Tuesday, February 22, 2011

Shuttle Discovery poised for her final flight Thursday

The countdown for the delayed flight of the space shuttle Discovery remains on track today for a Thursday launch from America's Space Coast.

NASA weather officer Kathy Winters forecasts an 80% favorable weather rating at launch time.

Plagued by several leaks and cracks on the shuttle's fuel tank and later an injured crew member, the original launch date of Discovery had been set for early-November.

However, the November 5 launch attempt revealed a gaseous hydrogen leak at a connection point on the back side of the fuel tank. Hours later as the launch team drained the tank of it's super cold fuels, several cracks were discovered beneath the foam insulation.

Additional cracks were discovered following a fueling test, and it was elected to return the space shuttle back to the high bay of the vehicle assembly building a few days before Christmas to perform further x-rays of the tank and make repairs.

On January 15, as crack repairs on the top section of the fuel tank were nearing completion, Discovery astronaut Tim Kopra suffered a hip fracture following a bike accident near Houston. He was replaced a few days later by Stephen Bowen.

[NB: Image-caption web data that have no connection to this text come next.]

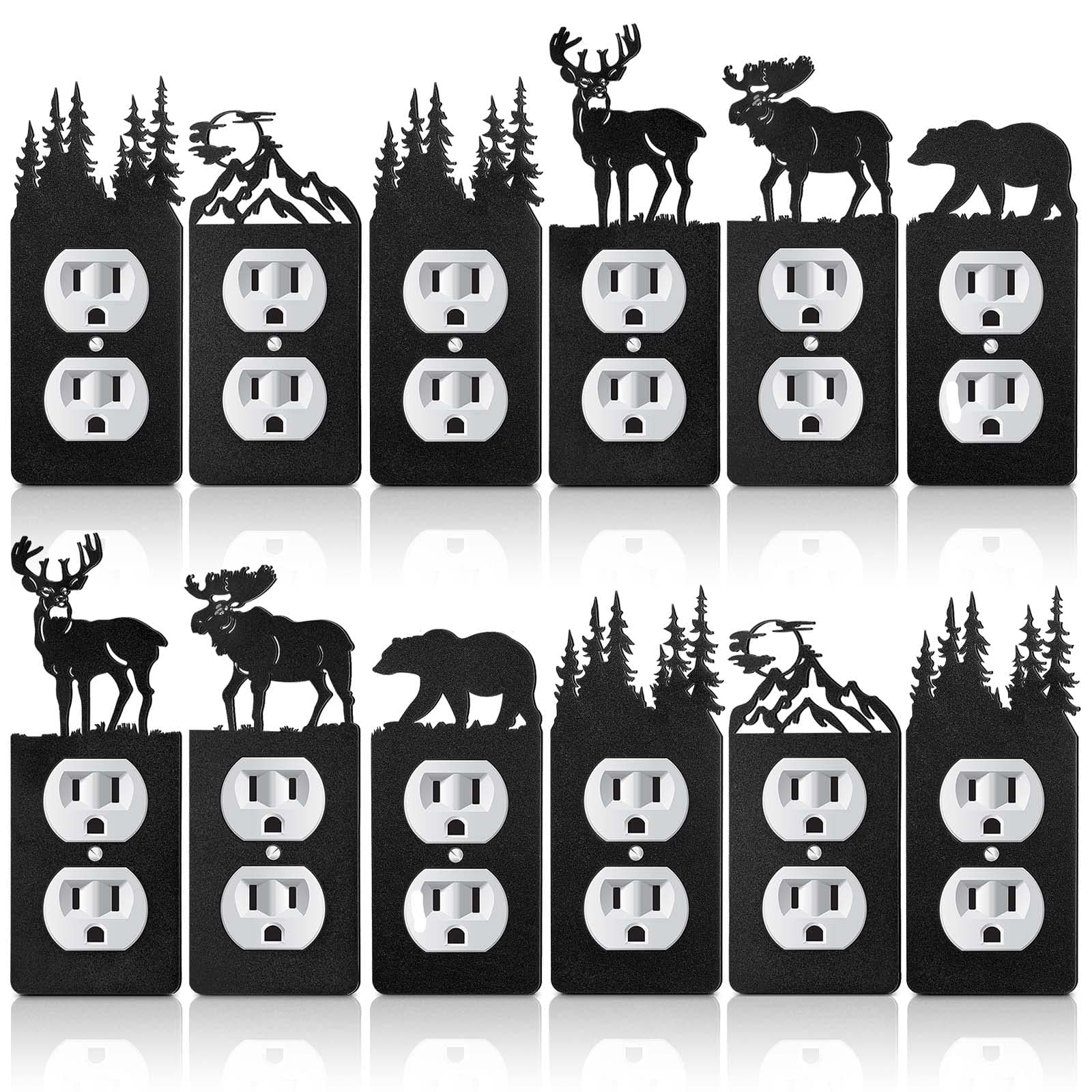 Kingdder 12 Pcs Metal Bear Light Switch Cover Moose Tree Mountain Elk Black Light Switch Plate Forest Outlet Toggle Wall Plate Cover for Home Bedroom Single Gang Socket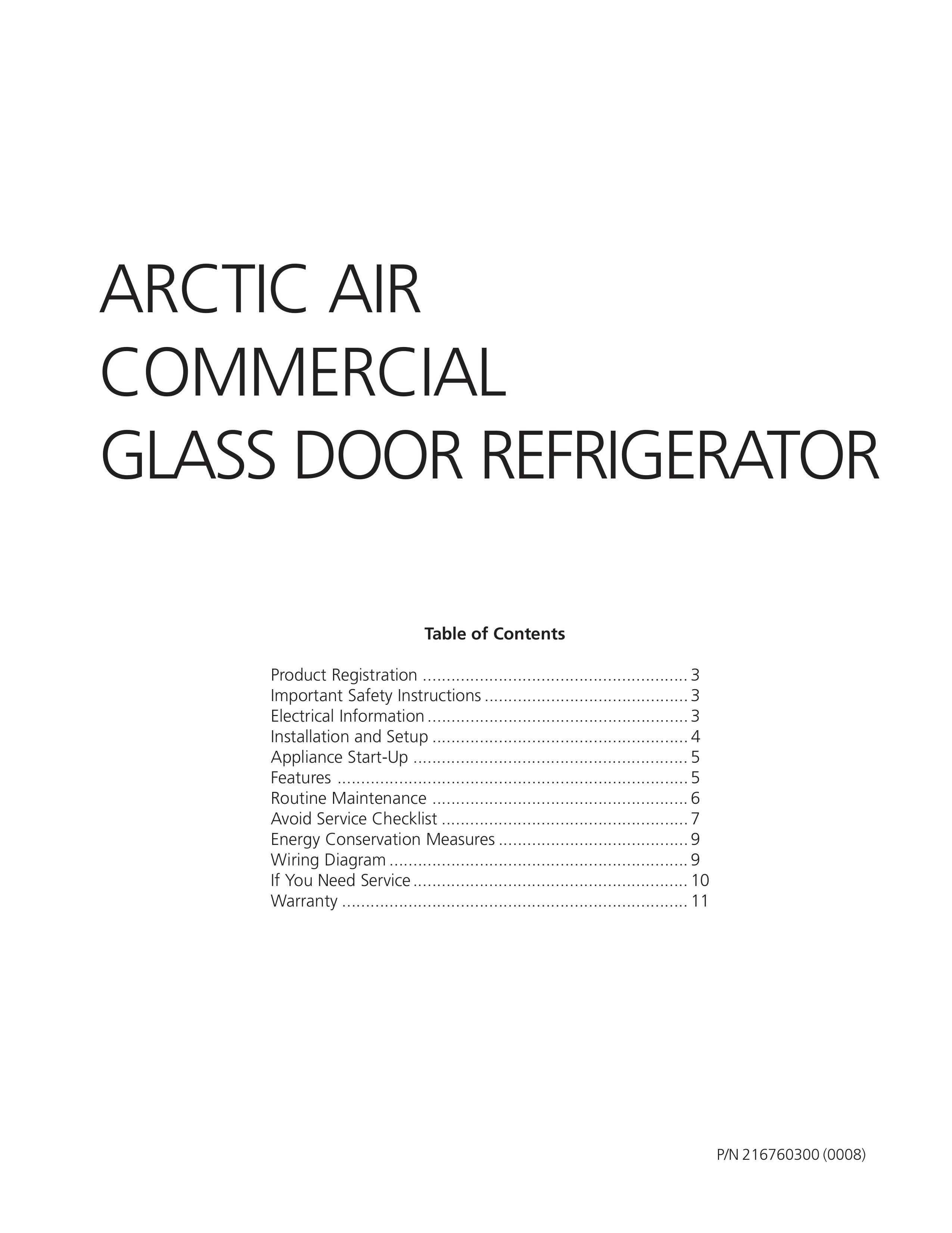 Frigidaire Artic Air Commerical Glass Door Refrigerator Refrigerator User Manual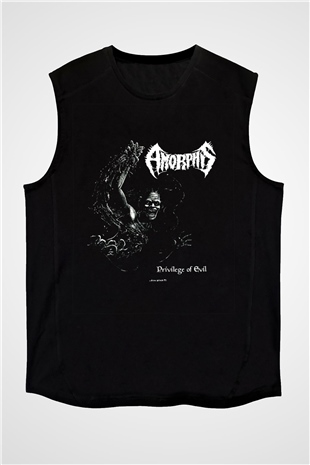 Amorphis Baskılı Unisex Siyah Kolsuz Tişört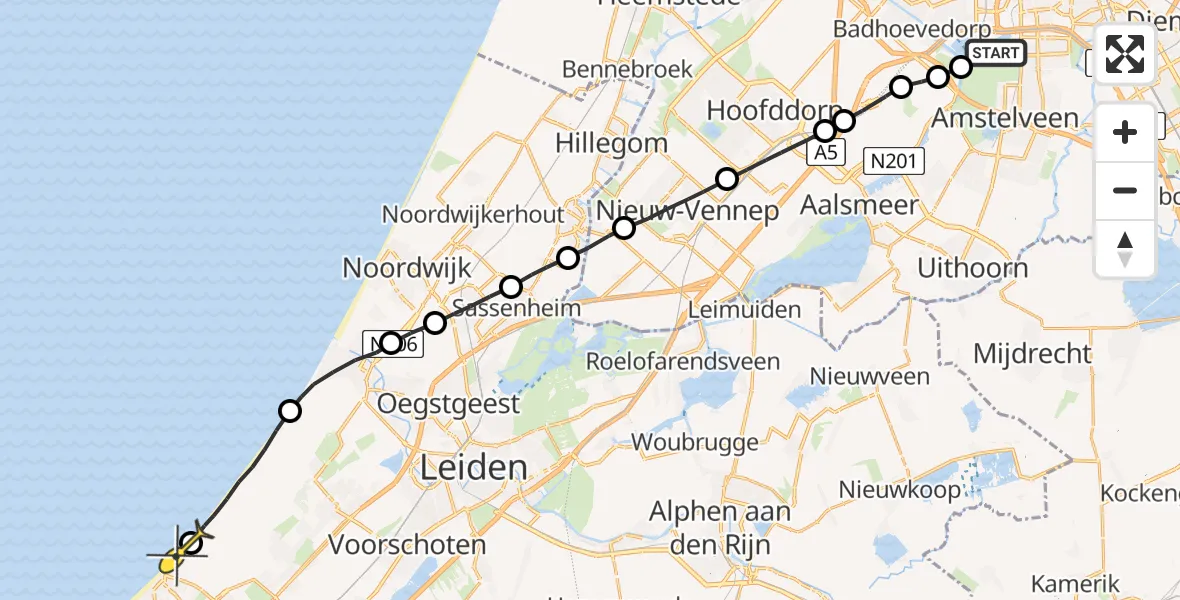 Routekaart van de vlucht: Lifeliner 1 naar Den Haag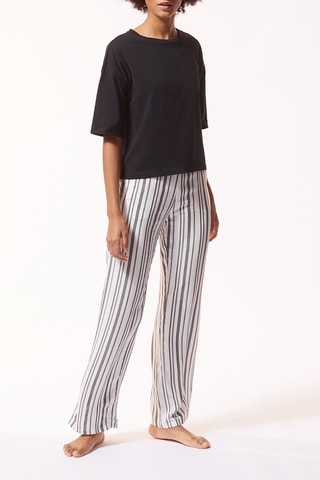 Pantalon wide legs taille haute Iliana Noir - Etam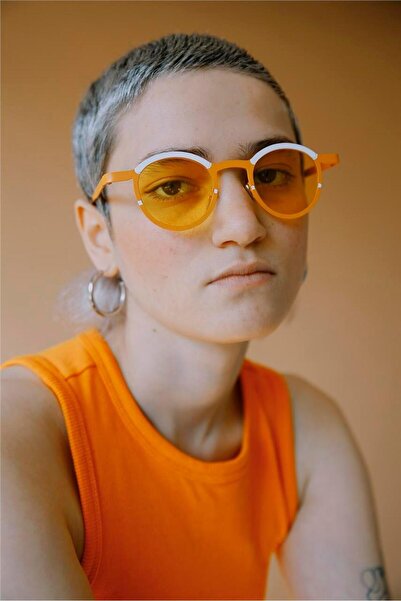 Bilge Karga نظارات شمسية توربي برتقالية بيضاء صفراء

Bowen comes fresh off the last flown space shuttle flight last May, and will become the only astronaut to have ever launched on back-to-back shuttle missions.

Over the past month, Kopra helped coach Bowen on the detailed tasks he was to have performed during the two planned spacewalks.

Discovery astronauts Alvin Drew and Nicole Stott will split Kopra's duties as flight engineer during the launch and landing phases, respectively, of the flight.

Launch of Discovery on her final voyage upon the ocean of space is set for Thursday at 4:50:24 p.m. EST, from launch complex 39-A at the Kennedy Space Center.

Once launched, Discovery's all veteran crew of commander Steven Lindsey, pilot Eric Boe and mission specialists Drew, Bowen, Michael Barratt, and Stott will spend two days performing rendezvous maneuvers to catch up with and dock with the International Space Station.

Once at station, Discovery will deliver the final American segment known as the Permanent Multipurpose Module, a bus sized cylindrical segment which will be used for storage. It will begin to free up more space inside the station's working and living segments.

The orbiter is scheduled to dock with the station on Saturday at 10:15 a.m.

Formally known as the Leonardo logistics module, the PMM has actually flown to the space station several times most recently two flights ago.

Inside the PMM will be 6500 pounds of cargo, spare parts, R2 - a robo-naut which will be used outside the outpost; and personal crew supplies to help resupply earth's orbiting outpost in space. Discovery's middeck will carry another 1500 pounds of supplies, too.

Robonaut will remain in the PMM through Discovery's flight, and will later be moved so that it's two halfs can be mated together and placed outside the station in the weeks to come.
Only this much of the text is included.